RFC: One marking bitmap

Fri Oct 6 07:40:27 UTC 2017

On 10/05/2017 05:42 PM, Aleksey Shipilev wrote:
> On 10/05/2017 05:05 PM, Roman Kennke wrote:
>> Am 05.10.2017 um 16:57 schrieb Aleksey Shipilev:
>>> On 10/05/2017 04:53 PM, Roman Kennke wrote:
>>>> Am 05.10.2017 um 16:51 schrieb Aleksey Shipilev:
>>>>> On 10/05/2017 12:24 PM, Roman Kennke wrote:
>>>>>> The main problem has been concurrent class unloading. When we do this, we unload classes that may
>>>>>> still be referenced by unreachable objects in non-cset regions. When we try to iterate such a
>>>>>> region
>>>>>> object-by-object, we may hit such an object with a dangling Klass* and crash. Always having a
>>>>>> valid
>>>>>> bitmap around means we can iterate based on actual liveness info, which guarantees us to skip dead
>>>>>> objects with dangling Klass*.
>>>>> I do not understand this explanation. Actually, I don't understand how second bitmap avoids this
>>>>> issue. One marking bitmap is *also* valid after class unloading (during final mark) had happened,
>>>>> and we can iterate over it safely.

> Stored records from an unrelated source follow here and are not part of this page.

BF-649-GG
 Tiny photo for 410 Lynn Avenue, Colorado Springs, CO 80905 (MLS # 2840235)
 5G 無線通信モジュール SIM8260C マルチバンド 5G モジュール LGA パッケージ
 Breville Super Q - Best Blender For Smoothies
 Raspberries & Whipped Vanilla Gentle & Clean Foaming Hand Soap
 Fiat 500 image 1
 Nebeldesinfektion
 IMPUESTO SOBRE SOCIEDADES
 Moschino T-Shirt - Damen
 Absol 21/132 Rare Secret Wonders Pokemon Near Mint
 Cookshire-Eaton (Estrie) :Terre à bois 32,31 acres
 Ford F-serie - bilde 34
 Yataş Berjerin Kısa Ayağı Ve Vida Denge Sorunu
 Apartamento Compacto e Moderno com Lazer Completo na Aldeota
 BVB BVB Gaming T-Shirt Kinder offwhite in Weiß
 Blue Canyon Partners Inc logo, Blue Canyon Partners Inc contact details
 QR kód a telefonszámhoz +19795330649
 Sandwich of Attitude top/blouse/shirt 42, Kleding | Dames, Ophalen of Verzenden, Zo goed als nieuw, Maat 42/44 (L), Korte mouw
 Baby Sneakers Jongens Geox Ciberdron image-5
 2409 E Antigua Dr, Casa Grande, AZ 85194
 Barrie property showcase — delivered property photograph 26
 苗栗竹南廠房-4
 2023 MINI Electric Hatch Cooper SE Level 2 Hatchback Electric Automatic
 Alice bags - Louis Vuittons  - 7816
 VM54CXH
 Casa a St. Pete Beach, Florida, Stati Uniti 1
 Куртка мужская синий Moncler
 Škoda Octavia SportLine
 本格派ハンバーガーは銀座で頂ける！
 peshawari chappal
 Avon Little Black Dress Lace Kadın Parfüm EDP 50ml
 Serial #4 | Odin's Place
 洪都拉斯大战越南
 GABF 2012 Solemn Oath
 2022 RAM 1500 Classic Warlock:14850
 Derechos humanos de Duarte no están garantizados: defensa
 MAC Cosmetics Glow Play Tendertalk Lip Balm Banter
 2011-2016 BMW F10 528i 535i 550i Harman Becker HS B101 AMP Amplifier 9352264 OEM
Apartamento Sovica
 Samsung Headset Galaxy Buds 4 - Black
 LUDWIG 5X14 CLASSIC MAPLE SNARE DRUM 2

Can you do the more verbose example?
>>>> I probably missed the part where we would cancel marking and don't have a valid marking bitmap to
>>>> support safe iteration that skips unreachable objects...
>>> But if we *do* cancel the marking, we either follow to degenerate final mark that completes the
>>> bitmap, or we slide to Full GC. Where's the issue? I need verbose example. And you probably need it
>>> too! And anyone who would be reading this thread years later -- too!
>> Ok, you're right. Sorry.
>> The issue is, or at least was (not sure it is still the case), that we would not slide into full GC.
>> Instead, we do an update-refs pass to fix up any references before sliding into full GC. This would
>> crash because of dangling Klass*.
> 
> So I guess it goes like this.
> 
> As you said: suppose the cycle completes with class unloading, some objects are dormant with broken
> Klass* are in the regions. Now, any iteration that consults the bitmaps is safe, because it will not
> visit those dead objects. This includes update-refs phase and other marked_object_iterate users.
> 
> There are two complications:
>  a) The code that walks the heap without taking care of bitmaps. This is problematic, because it
> indeed can step on broken Klass*. But it also can step on broken oop fields that point nowhere, or
> point to some garbage, or worse. So, it would seem such code is already broken, and we would need to
> fix it, if observed;
>  b) The code that walks the heap with bitmaps, but *during* concmark or *after* cancelled mark.
> There, the bitmaps are incomplete: they don't include some objects that are alive, because concmark
> had not visited them yet. This should not lead to crash, because incomplete bitmap would not give
> you dead objects either way.
> 
> The noticeable examples for (b) are heap dumps, JVMTI heap walkers, and some of our debugging code.
> For heap dumps, we can force Full GC to purge all dirty objects out, and thus guarantee safe
> iteration. For JVMTI IterateOverHeap and friends triggering the Full GC is going to be more
> complicated. This is where second bitmap helps to handle stuff better. Is there a way out without a
> second bitmap?

Thread continuity: Roman had suggested the actual change here:
  http://mail.openjdk.java.net/pipermail/shenandoah-dev/2017-October/003884.html

-Aleksey